I have a serious man crush on Julian Weigl.

Reus on the other hand not really in top form, yet. Shows our strength in the offense, that we are not overly dependent on his magic, though. Stark contrast to Wolfsburg.
 
Maybe it is because of the microphone placement but our support has not outsung a home support in the Bundesliga that heavily in a long time.

Ingolstadt is really shit all over the place. Shit team, shit tactics, shit support. Just go back where you belong. Man, I have not disliked a Bundesliga team that much in about a decade.
 
So, Tuchel´s record so far in the season:

Six games, six wins, goal difference 19-3.

Life is good again :drool:
 
So, Tuchel´s record so far in the season:

Six games, six wins, goal difference 19-3.

Life is good again :drool:
Wouldn't make that statement just yet though, it's early in the season. We could have scored at least 7 goals today!
 
Ingolstadt is really shit all over the place. Shit team, shit tactics, shit support. Just go back where you belong. Man, I have not disliked a Bundesliga team that much in about a decade.
:lol: . Where do they belong though?
 
Just love how they managed to hold on to every great player they have on their books. And how reenergized they look. Great game again but that said Aubamayang needs to put his sitters away, against better teams this could come back to haunt them.
 
Wouldn't make that statement just yet though, it's early in the season. We could have scored at least 7 goals today!
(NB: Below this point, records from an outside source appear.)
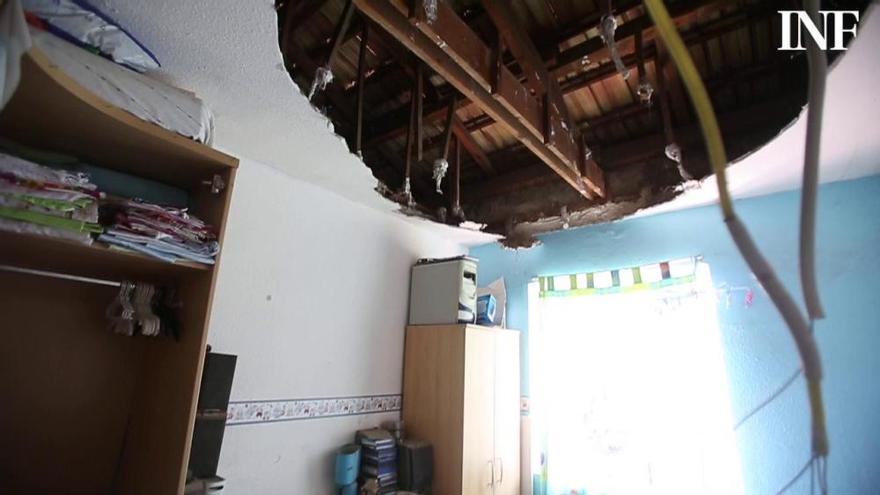 Cae parte del techo de una vivienda en Alicante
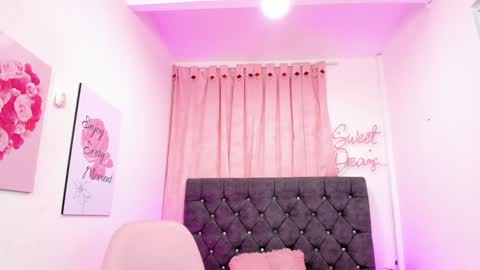 hi im DanyBest Squirter here on cb online show from 12.31.24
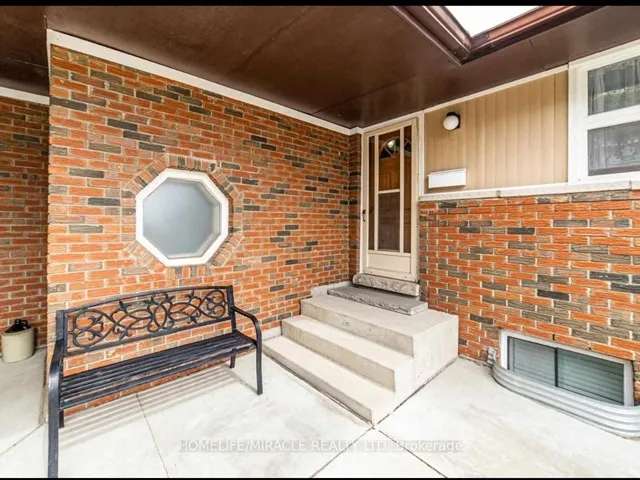 House For Rent in Pickering, Ontario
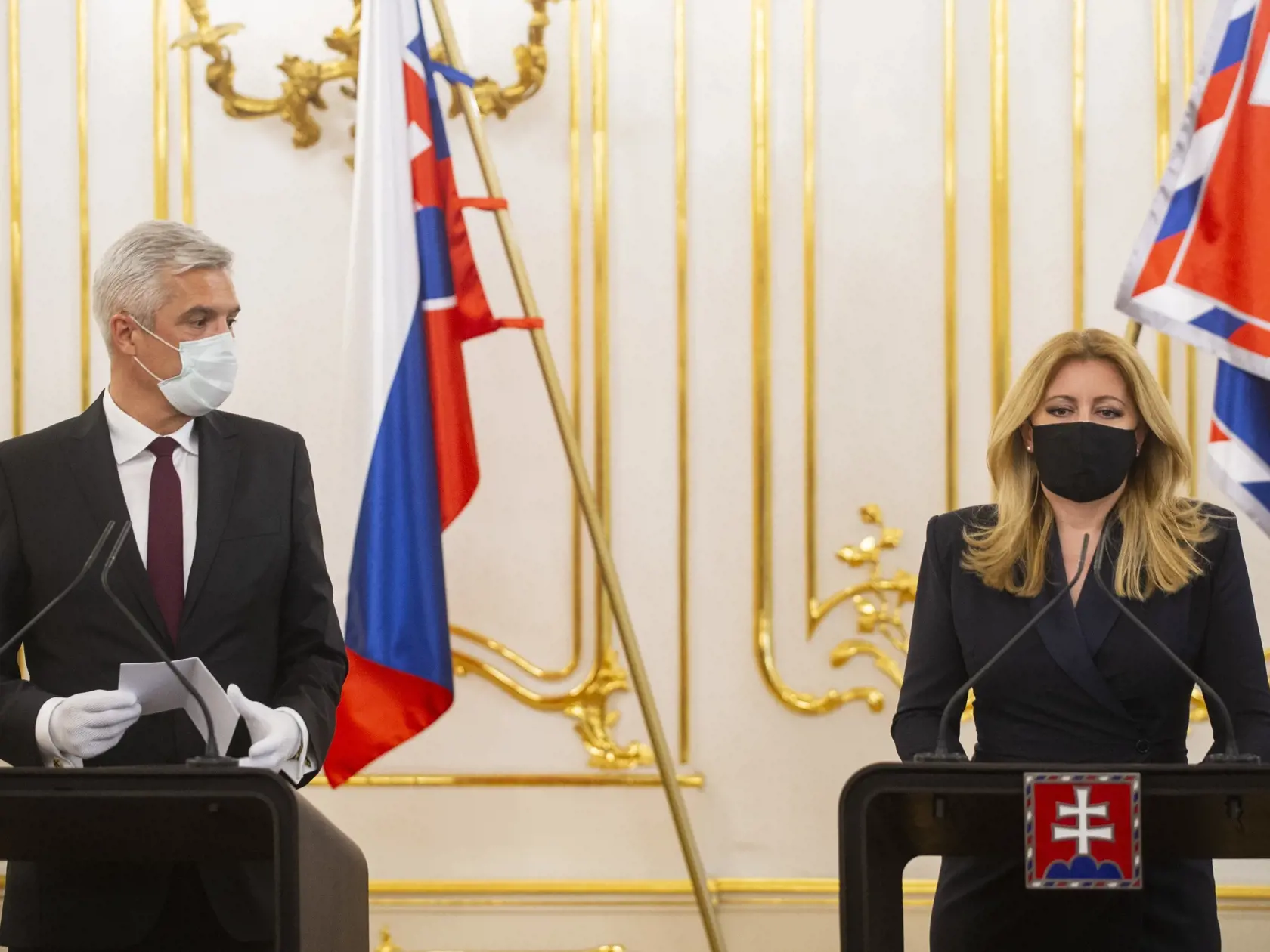 Na snímke prezidentka SR Zuzana Čaputová (vpravo) a minister zahraničných vecí a európskych záležitostí SR Ivan Korčok počas tlačovej konferencie po stretnutí v Bratislave v stredu 29. apríla 2020. Diskutovali spolu najmä o úlohe Európskej únie v čase pandémie a ekonomickej pomoci, ktorú EÚ poskytuje Slovensku. FOTO TASR - Jakub Kotian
Of course it means very little that we are top of the table right now. We will also suffer set backs in the future.

However, I look at it from a different perspective. Just a year ago the thought of a time after Klopp was a frightening one. After a simply horrible season, Tuchel´s job was a very hard one. Short and complicated pre season because of the asia tour and the early EL games, which were of course against smaller sides, but still KO matches. Every match could have caused big problems in the long run.
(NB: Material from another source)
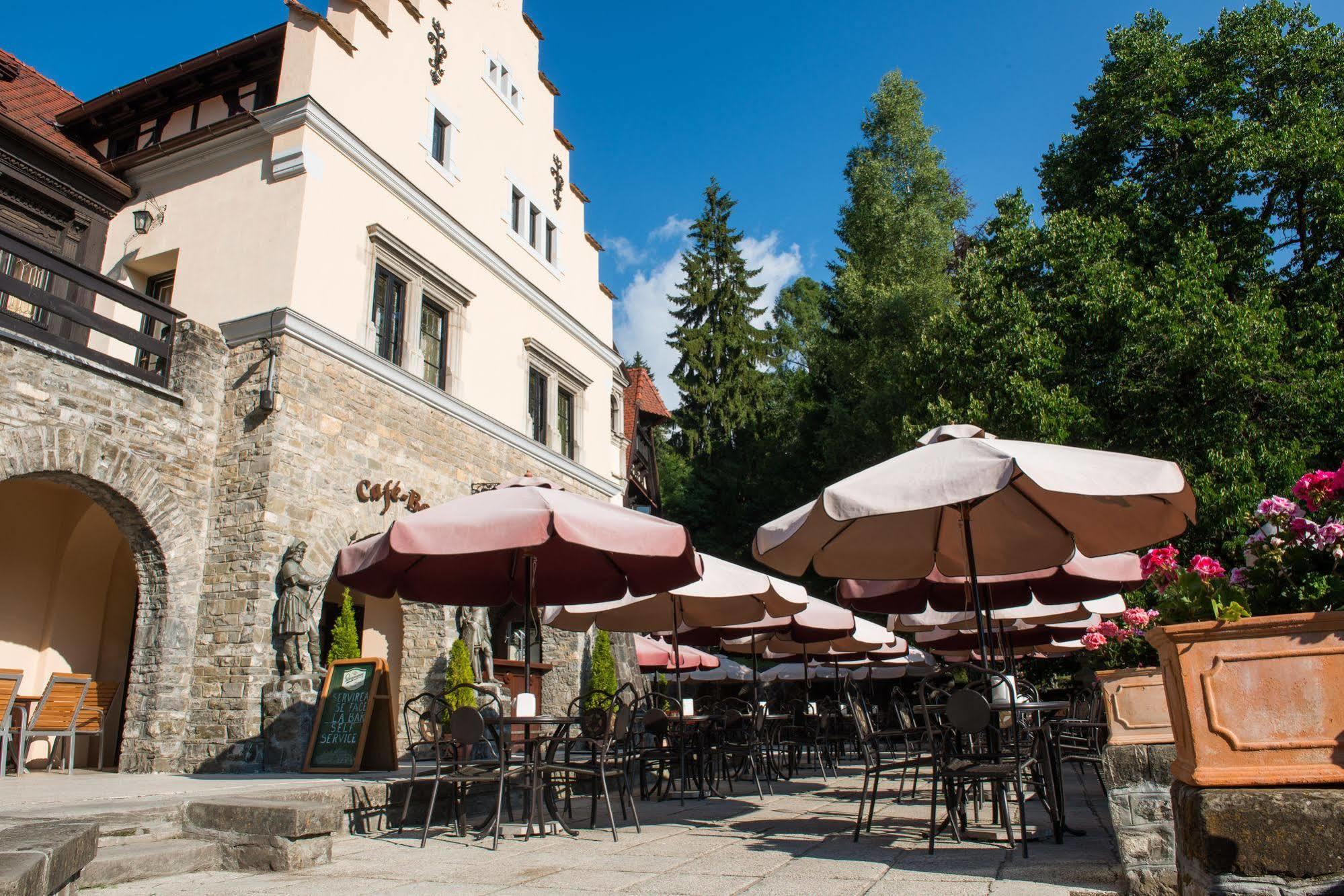 Complex La Tunuri - Vila Economat Sinaia Buitenkant foto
Overall the transition was just really, really smooth. Old problem cases like Mkhitaryan, Kagawa, Hummels or Gündogan look sharp and bring their potential on the pitch. The whole team shows great morale and confidence and Tuchel looks really comfortable with the greater responsibility and medial exposure. It is not the results, which are really good, but also the performances itself.

:lol: . Where do they belong though?

3rd league as far as I´m concerned.
 
Of course it means very little that we are top of the table right now. We will also suffer set backs in the future.

However, I look at it from a different perspective. Just a year ago the thought of a time after Klopp was a frightening one. After a simply horrible season, Tuchel´s job was a very hard one. Short and complicated pre season because of the asia tour and the early EL games, which were of course against smaller sides, but still KO matches. Every match could have caused big problems in the long run.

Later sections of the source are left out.